Additionally, Youngs recorded several EPs during her “break” from releasing music. With these releases, she experimented with different musical and production styles. However, she “didn’t feel quite ready to take that next step” toward releasing a full album.

“There’s so much that goes into releasing any music, but [for] a record in particular, I knew that the next time I wanted to step through that doorway, I wanted to be prepared with a specific focus,” she said. “[I wanted] to step behind what would hopefully feel like a fully realized cohesive body of work.”

A level of peace and joy

(Photo: Lisa Czech)

While pursuing these projects, Youngs has experienced numerous shifts in her personal life. This includes marriage, divorce, marriage again, raising a son and moving from New York to Los Angeles to Maine.
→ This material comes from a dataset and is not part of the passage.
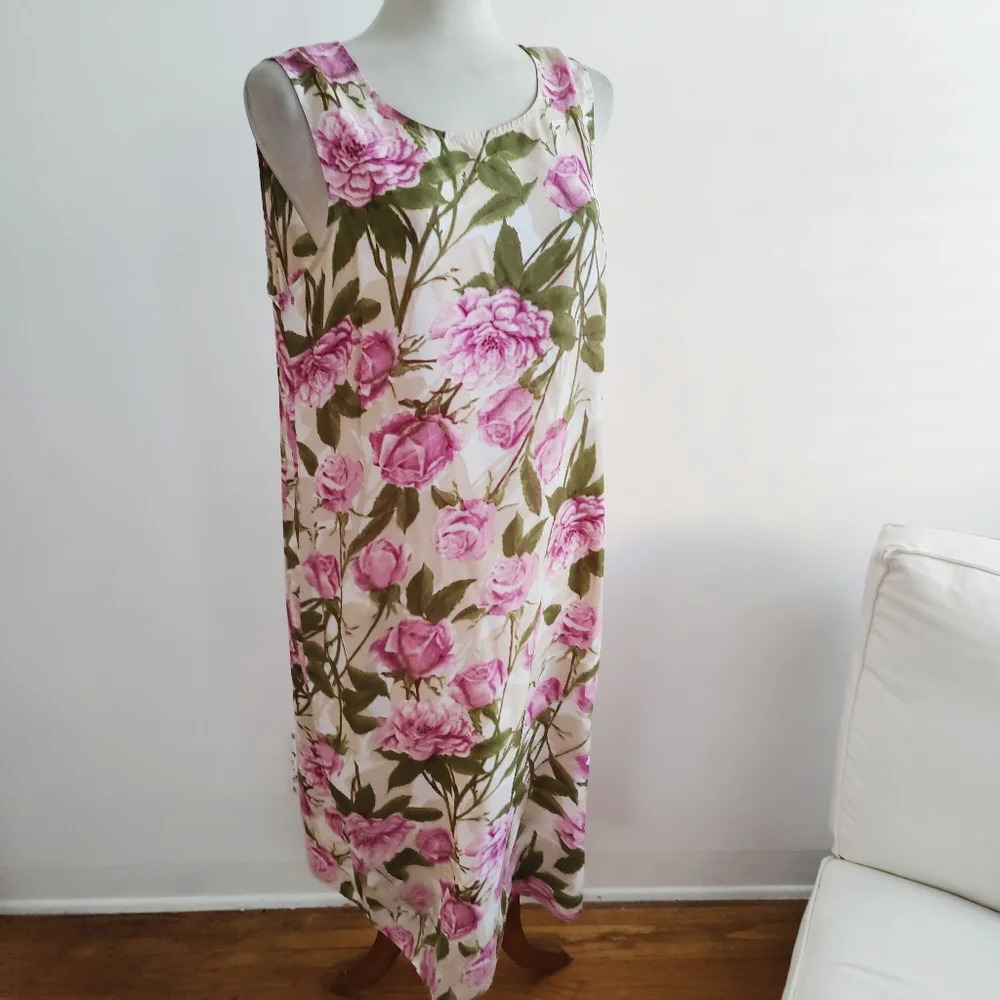 ° Spring! Vintage Floral Shift Dress / Judy Bond / Pink & Green / Size 14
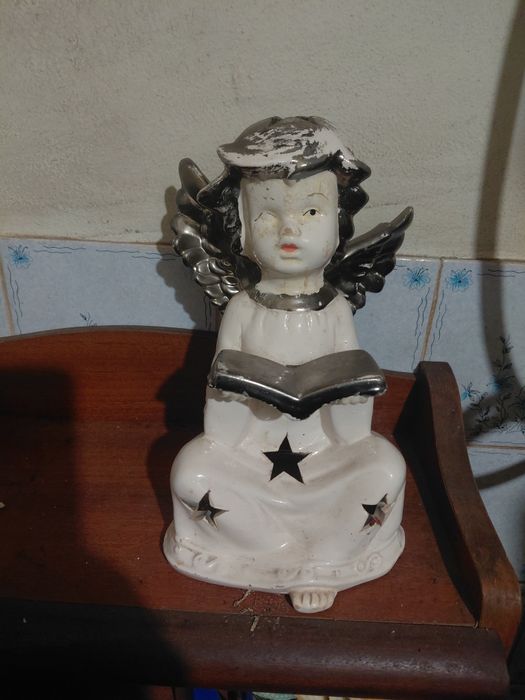 Anjo antigo porta velas para restauro 4€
She also noted she wasn’t even out the last time she released a full-length album.

“It’s weird to try to even think back to a time before,” said Youngs, who publicly came out in 2013. 

“People are always talking about how the cells in your body are always regenerating, so that around every seven years, you have a totally new physical form. It’s been like completely regenerated,” Youngs said with a laugh. “In a very serious way, I feel like a completely different person, from the last time that I released a record and certainly a lot of the songs deal with the pain of disentanglement, the ecstatic joy of finding new love, [and] the indescribable relief when you get to a light at the end of a tunnel you’ve been traveling through for a very, very long time.”

When it comes to finding new love, Youngs is lovingly referring to her “beautiful wife,” Jess Abbott. Youngs credited the inspiration for the album’s titular song “Avalanche” to Abbott, whom she married in 2021. The couple now raise their nine-month-old son, Alderic, at their home in Maine.

I was pretty newly married to Jess, and pretty newly settled in Maine in what I hope to be my permanent residence for all time,” Youngs said. “And I was feeling a level of peace and joy that I was not used to feeling. And it felt like I had been in the aforementioned tunnel for a very long time trying to get here — to that place, to that moment, to that sort of peace. And it was not easy to get there. There were dark, difficult moments. But when [songwriter] Madi [Diaz] and I got together to write [the song], I was just so full of happiness in a sense that like, things were good, and that I was very much where I really wanted to be. So I wanted to write a song of gratitude to my wife, Jess.”

When it came to titling the album, Youngs said “Avalanche” was the “only choice.”

“I was thinking a lot about how an avalanche can sort of absolutely decimate but how total destruction makes way for new life and new beauty — a new experience,” she said.

The greatest gift music has to offer

(Photo: Lisa Czech)

Outside of the tour, Youngs is keeping busy with other pursuits. This includes co-writing a book with Kristin Russo, her ex-wife — now friend — and “Buffering the Vampire Slayer” co-host, about the duo’s relationship and how it overlaps with both “Buffy” and “Buffering.”

“I really like how it’s coming out,” Youngs said. “Hopefully other people will too.”

Youngs and Russo also recently launched another podcast called “The eX-Files,” where similar to “Buffering,” they recap and discuss the television series, “The X-Files.” Youngs’ podcasting efforts will also soon extend to an upcoming narrative fiction podcast due out next year. However, she is currently withholding specific details.

“[This] project is science fiction,” she said with a smile. “And there is a musical component. And that is probably all I can say at the moment.”

While waiting for these new projects, Youngs’ fans can plug in their earbuds and listen to “Avalanche.” She hopes audiences will bop their heads and ultimately find comfort from the songs within.

“Could it be that the greatest gift music has to offer us as listeners is comfort?” Youngs reflected. “That could be it. This is the first time I’ve asked myself this question, but it feels right. And there are a lot of experiences contained in the album, for which I required a great deal of comfort. If somehow those experiences can be turned into something that could then give comfort to other people, I think that would be pretty cool.”